Work task:
The material beneath this line should be printed exactly, with its pictures omitted.

<<<<

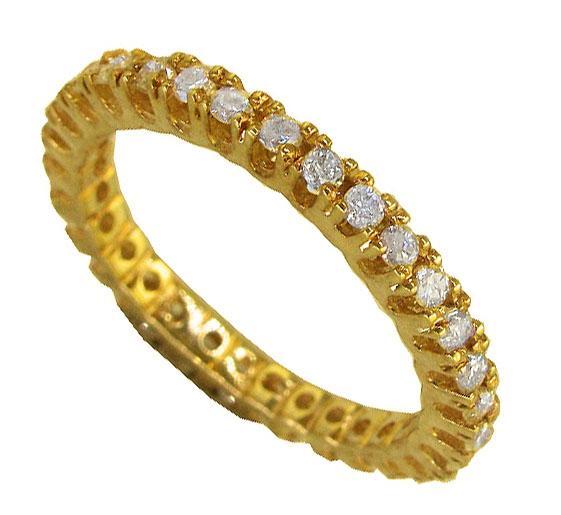 RoundDiamondEternityLowCostJewelery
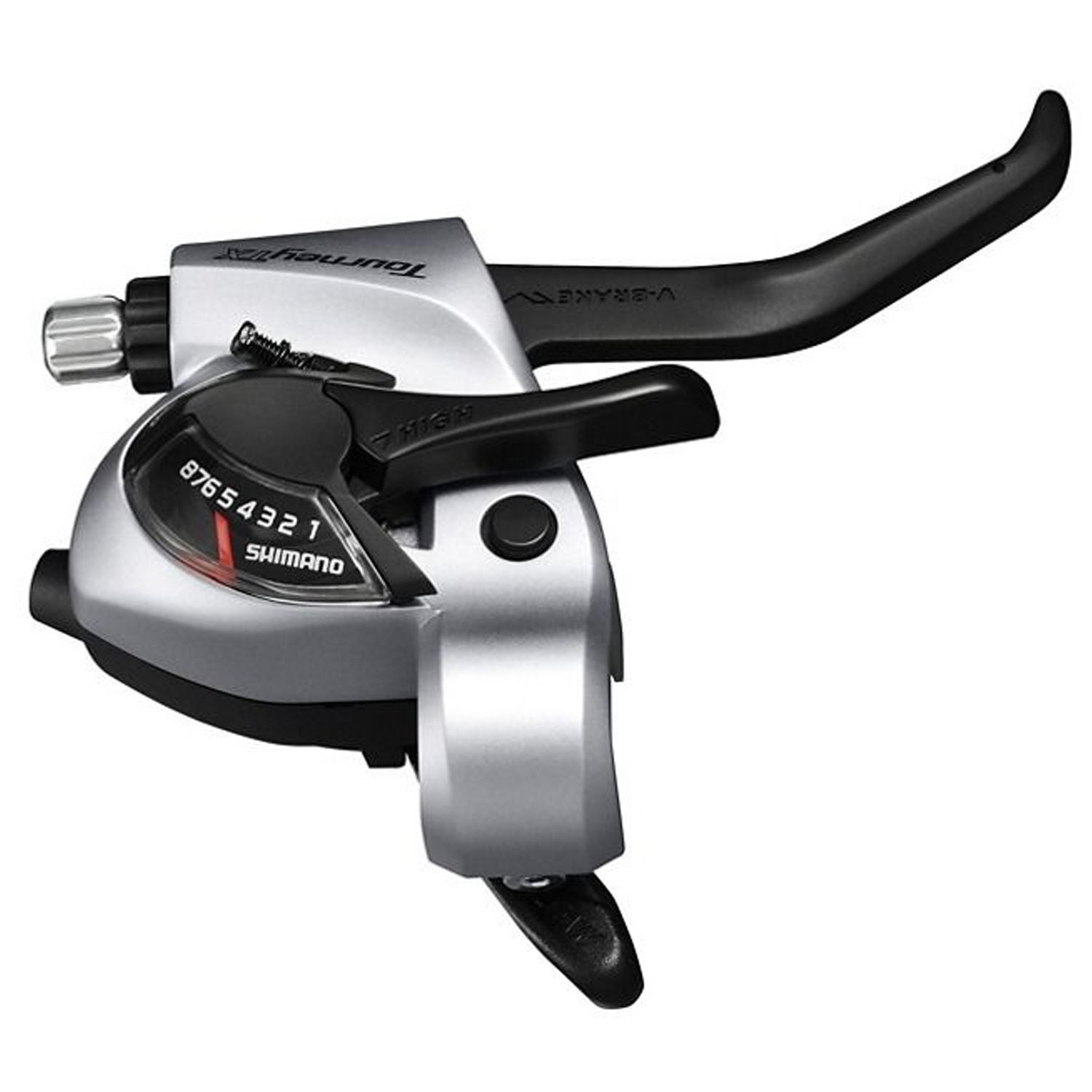 Шифтер/тормозная ручка Shimano Tourney TX800, 8 скоростей, трос 2050мм, серебро, 31012082
Шифтер/тормозная ручка Shimano Tourney TX800, 8 скоростей, трос 2050мм, серебро, 31012082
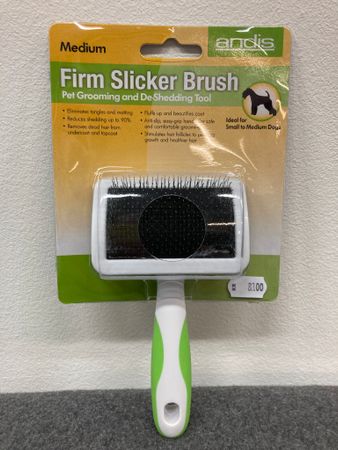 Andis Firm slicker brush karda M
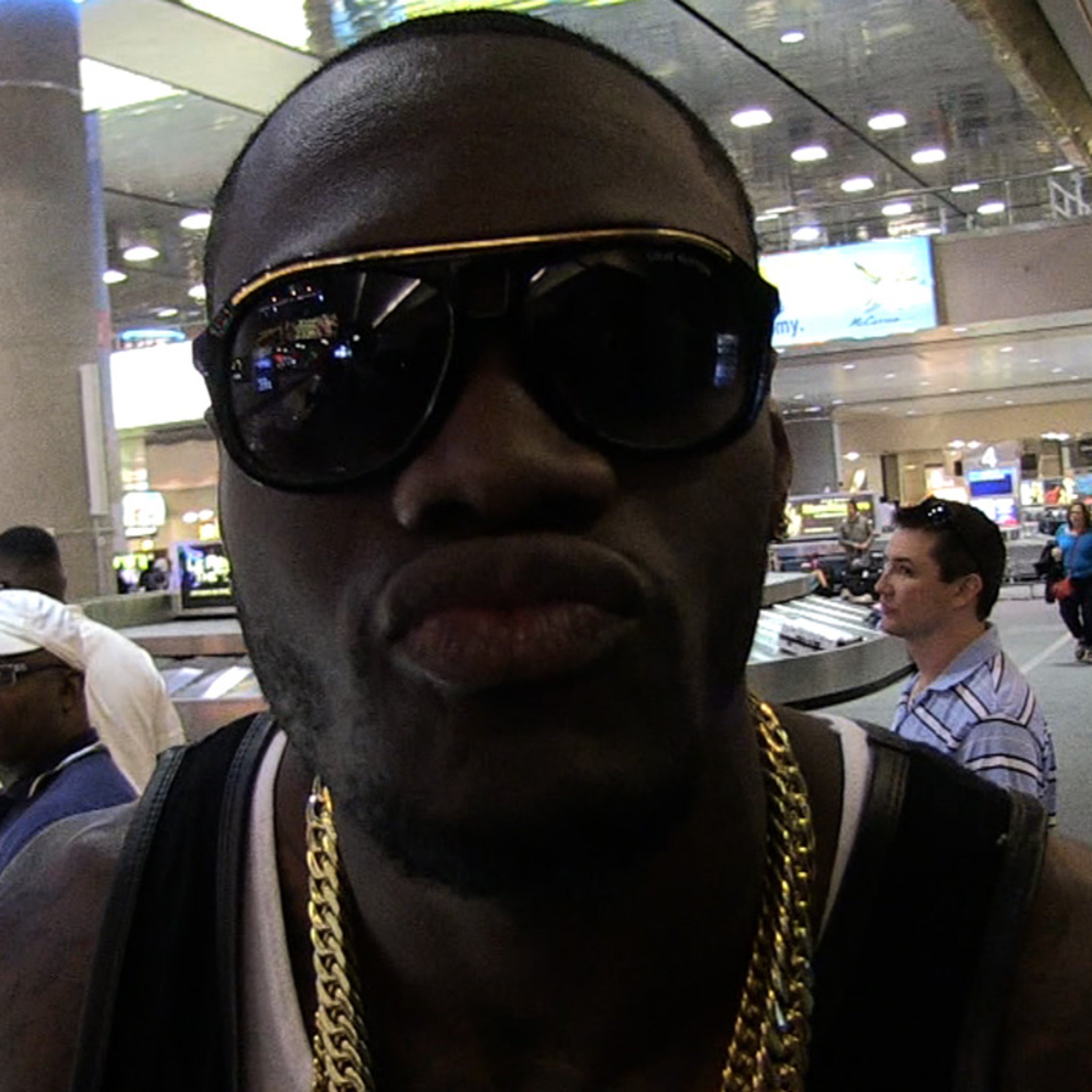 Deontay Wilder -- I Wanna Bang Nia Long ... On Camera!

>>>>

Output for this exercise:
 RoundDiamondEternityLowCostJewelery
 Шифтер/тормозная ручка Shimano Tourney TX800, 8 скоростей, трос 2050мм, серебро, 31012082
Шифтер/тормозная ручка Shimano Tourney TX800, 8 скоростей, трос 2050мм, серебро, 31012082
 Andis Firm slicker brush karda M
 Deontay Wilder -- I Wanna Bang Nia Long ... On Camera!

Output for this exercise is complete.